#### Input data
((

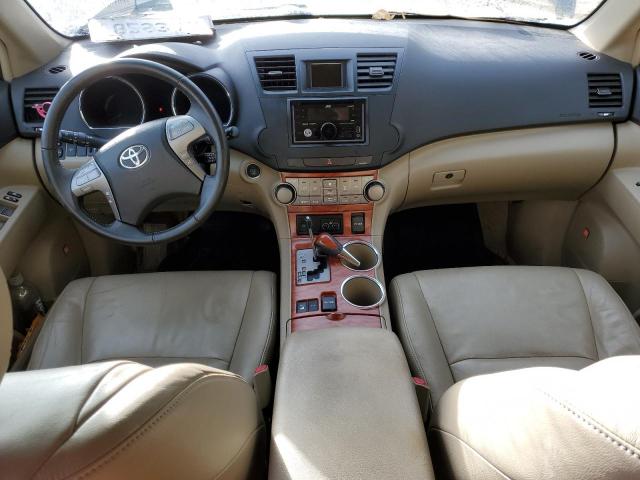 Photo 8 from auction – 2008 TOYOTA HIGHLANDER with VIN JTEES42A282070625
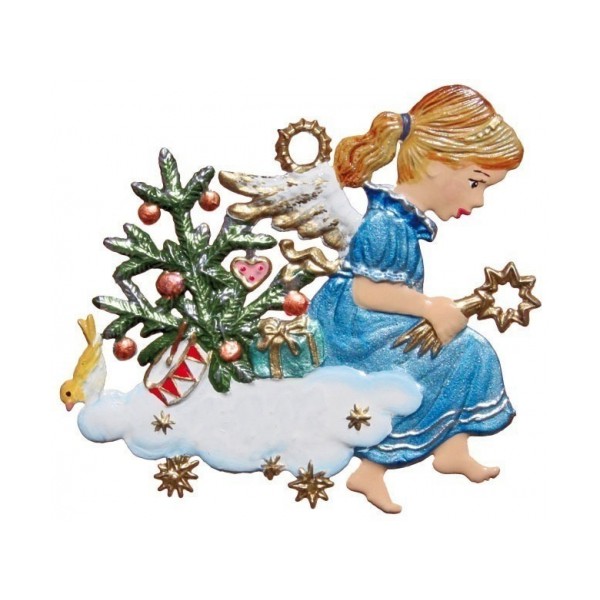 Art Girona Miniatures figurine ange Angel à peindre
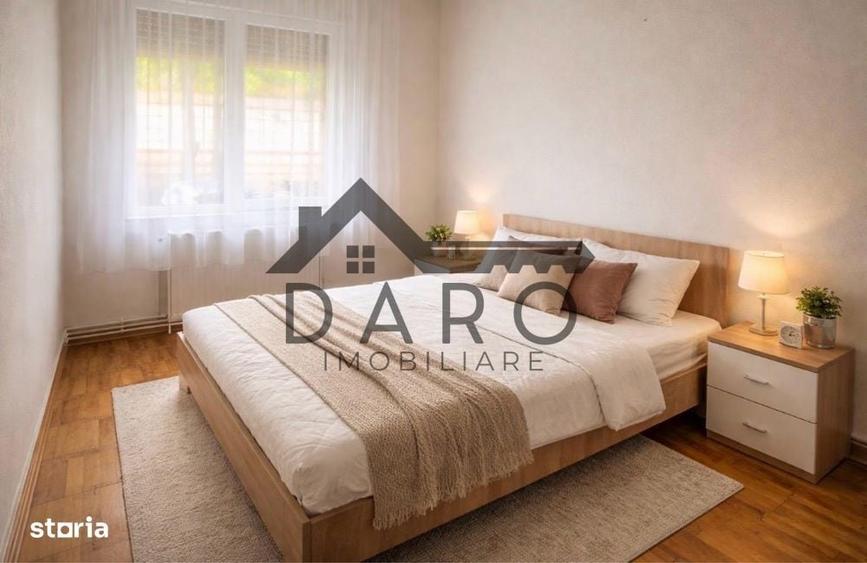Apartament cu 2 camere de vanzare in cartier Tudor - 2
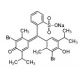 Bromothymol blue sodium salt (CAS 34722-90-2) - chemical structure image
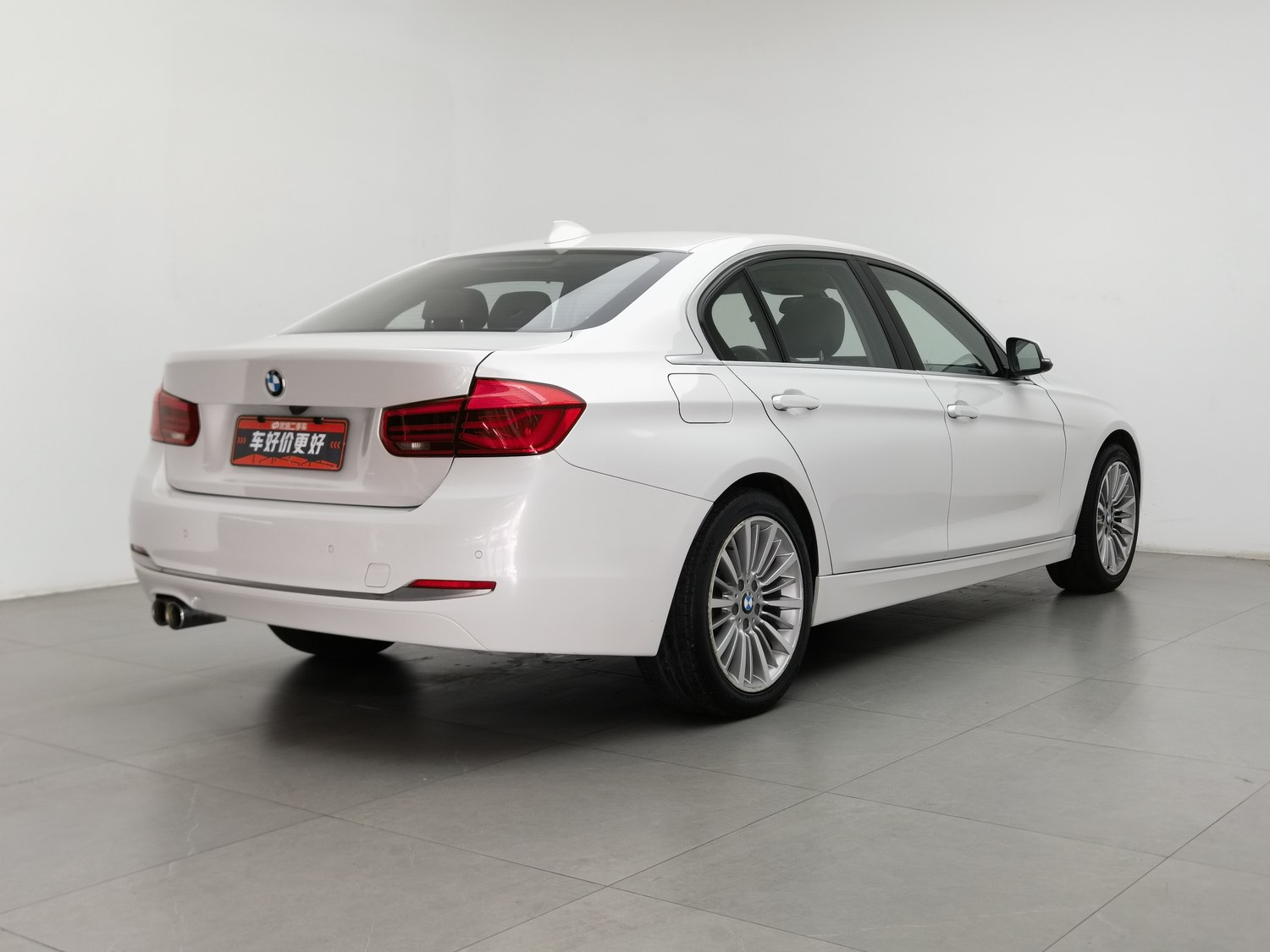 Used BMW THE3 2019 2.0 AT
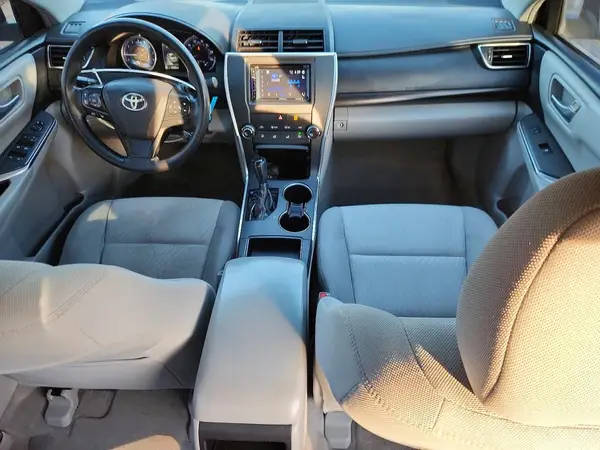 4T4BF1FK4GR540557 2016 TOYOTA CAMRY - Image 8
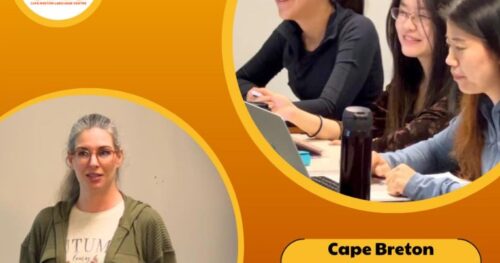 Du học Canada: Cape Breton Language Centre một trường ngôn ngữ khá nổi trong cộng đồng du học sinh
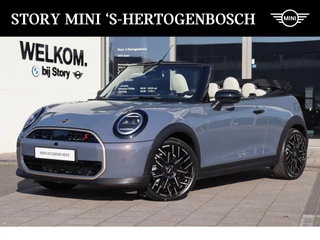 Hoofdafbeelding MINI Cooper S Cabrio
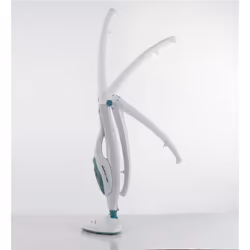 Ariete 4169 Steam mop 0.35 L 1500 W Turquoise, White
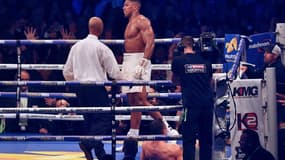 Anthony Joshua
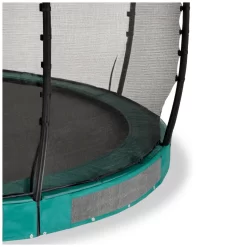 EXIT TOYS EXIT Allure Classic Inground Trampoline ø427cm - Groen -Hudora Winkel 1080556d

))
((

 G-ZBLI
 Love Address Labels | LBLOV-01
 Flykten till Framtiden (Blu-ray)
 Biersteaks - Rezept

))

#### Exercise description
Using the listing above, restate exactly the range between the lines holding "Hoofdafbeelding MINI Cooper S Cabrio" and "EXIT TOYS EXIT", inclusive, with pictures left out.

#### Your solution
 Hoofdafbeelding MINI Cooper S Cabrio
 Ariete 4169 Steam mop 0.35 L 1500 W Turquoise, White
 Anthony Joshua
 EXIT TOYS EXIT Allure Classic Inground Trampoline ø427cm - Groen -Hudora Winkel 1080556d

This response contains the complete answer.